Bankruptcy Blame Placed at Renewable Fuel Regulations

Feb 9, 2018  | 4 min  | Ep4325

Iowa Secretary of Agriculture Bill Northey’s nomination to become USDA’s Under Secretary for Farm Production and Conservation has been in limbo for 5 months. Confirmation of the appointment has become a political bargaining chip as one oil-state Senator reaffirmed his push-back over ethanol. This week, the battle spilled onto the Senate floor. 

Two other offices down Pennsylvania Avenue were pulled into the finger-pointing over the predominately corn-based fuel. 

Renewable fuels were not the main cause for declaring bankruptcy by one of the largest refiners in the eastern United States, according to at least one farm-state senator and several academic researchers.

Pennsylvania-based Philadelphia Energy Solutions claimed last week the requirement to produce or acquire $830 million in Renewable Identification Number credits was a contributing factor in its financial troubles. RINs are what the Environmental Protection Agency calls the currency of the Renewable Fuel Standard. Producers are mandated to generate or buy a certain threshold of the homegrown product.

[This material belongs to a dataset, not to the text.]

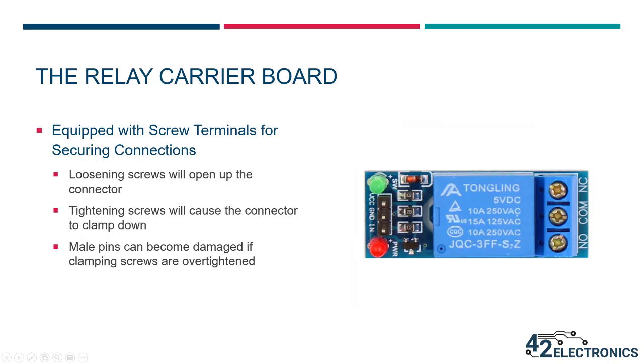When connecting to normally closed, common, and normally open on the output side of the relay, the connector is equipped with screw terminals for securing the connections. A small Phillips or flat head screwdriver can be used to loosen or tighten those screws — loosening the screw opens the connector, while tightening causes it to clamp down on the wire or pin inserted. This type of connector can clamp down on bare wires or male pins equally well, but some caution should be used when clamping onto male pins, as the pins could become damaged if the screws are over-tightened.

Iowa Senator Charles Grassley called PES’ claim misleading rhetoric aimed at discrediting the program.

Sen. Charles Grassley, R- Iowa: “If you look at the paper I put out, there are many, many reasons for the bankruptcy at PES and RIN is not one of them.”

The Iowa Republican Senator’s office say PES sold 40 million RINs in the fall of 2017, in an attempt to short the market, if the federal government would change policy, thus lowering RIN prices. The energy company planned to buy back those credits at a lower price to fulfil mandates and make a profit. Grassley’s office cited continued reluctance on PES’ part to invest in blending infrastructure, instead buying RINs on the open market.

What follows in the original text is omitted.